Your output should be the lines from the one containing "Skiareál Troják - Kamera" through the last line below, both ends included, exactly as written and free of pictures.

- **LISTED RECORDS**
====

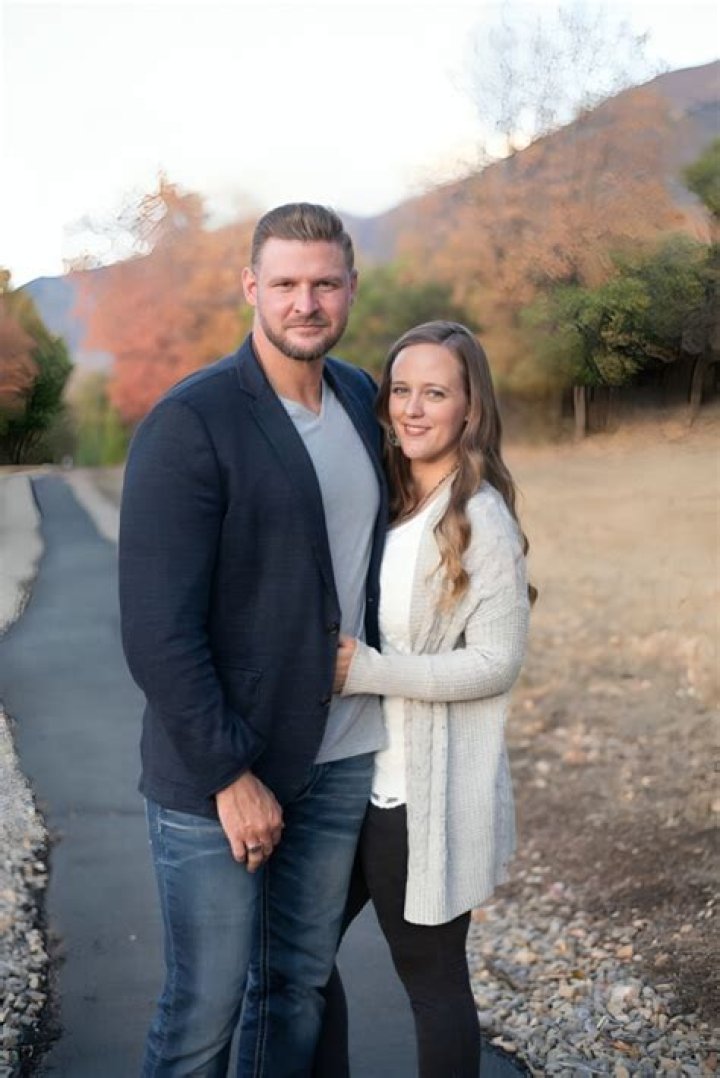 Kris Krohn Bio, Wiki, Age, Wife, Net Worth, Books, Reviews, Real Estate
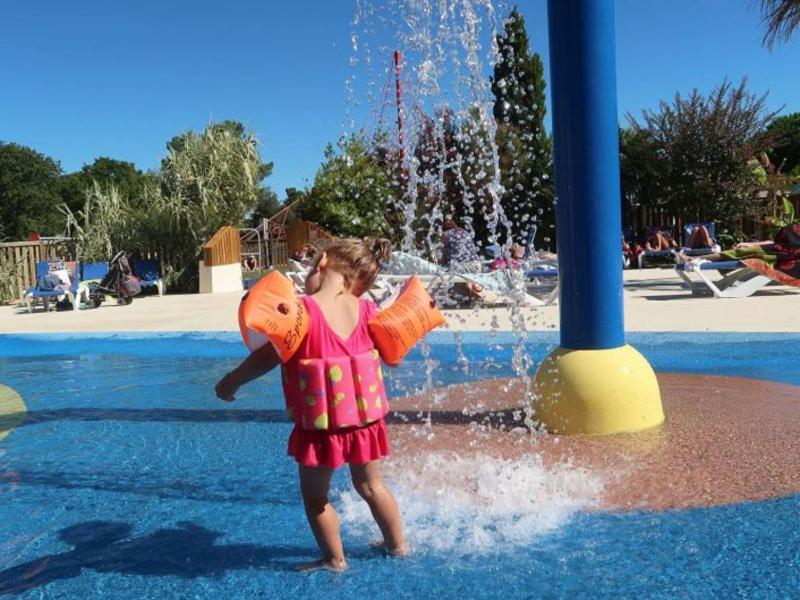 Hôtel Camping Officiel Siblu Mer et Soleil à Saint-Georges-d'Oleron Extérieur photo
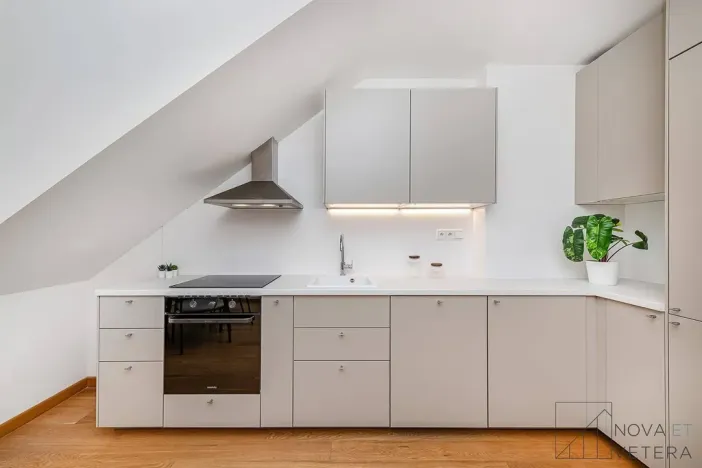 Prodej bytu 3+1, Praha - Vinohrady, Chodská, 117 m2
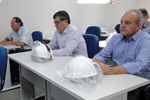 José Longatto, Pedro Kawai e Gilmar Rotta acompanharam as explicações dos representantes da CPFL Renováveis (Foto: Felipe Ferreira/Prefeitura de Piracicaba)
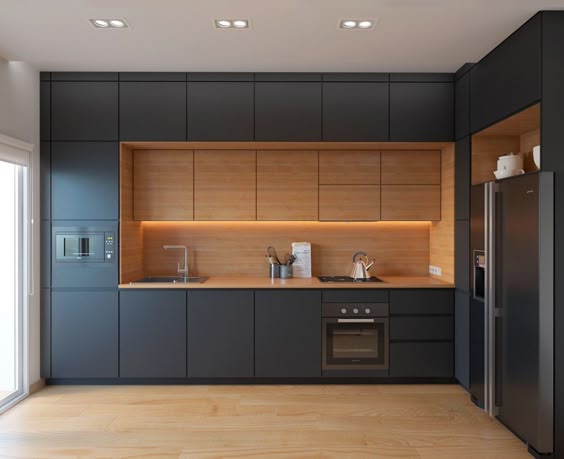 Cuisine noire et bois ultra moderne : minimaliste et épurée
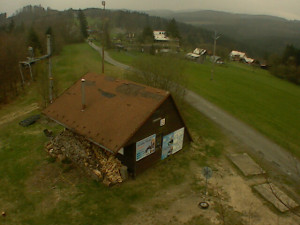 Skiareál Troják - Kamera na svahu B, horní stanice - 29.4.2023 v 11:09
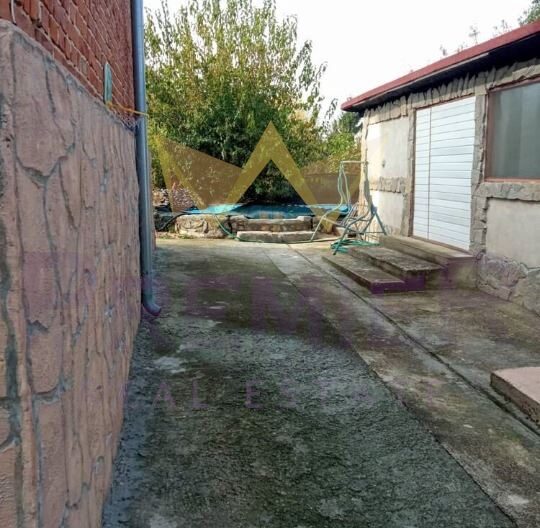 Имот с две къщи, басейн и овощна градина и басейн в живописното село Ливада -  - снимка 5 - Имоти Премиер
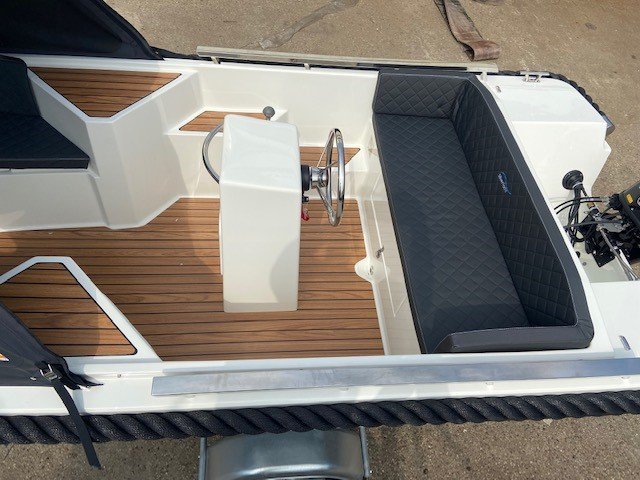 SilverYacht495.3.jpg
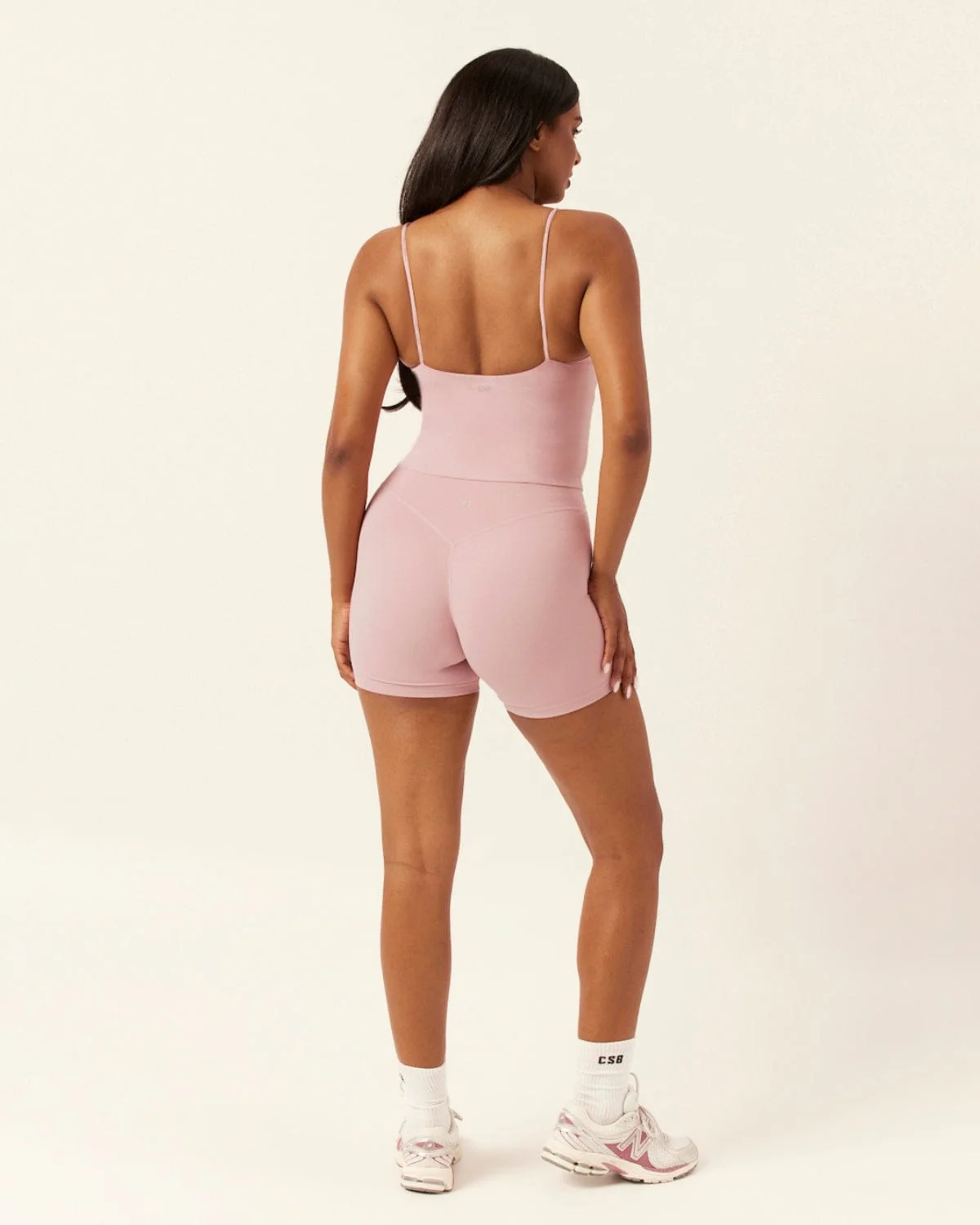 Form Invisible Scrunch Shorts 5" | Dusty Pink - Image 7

====

- **SOLUTION**
 Skiareál Troják - Kamera na svahu B, horní stanice - 29.4.2023 v 11:09
 Имот с две къщи, басейн и овощна градина и басейн в живописното село Ливада -  - снимка 5 - Имоти Премиер
 SilverYacht495.3.jpg
 Form Invisible Scrunch Shorts 5" | Dusty Pink - Image 7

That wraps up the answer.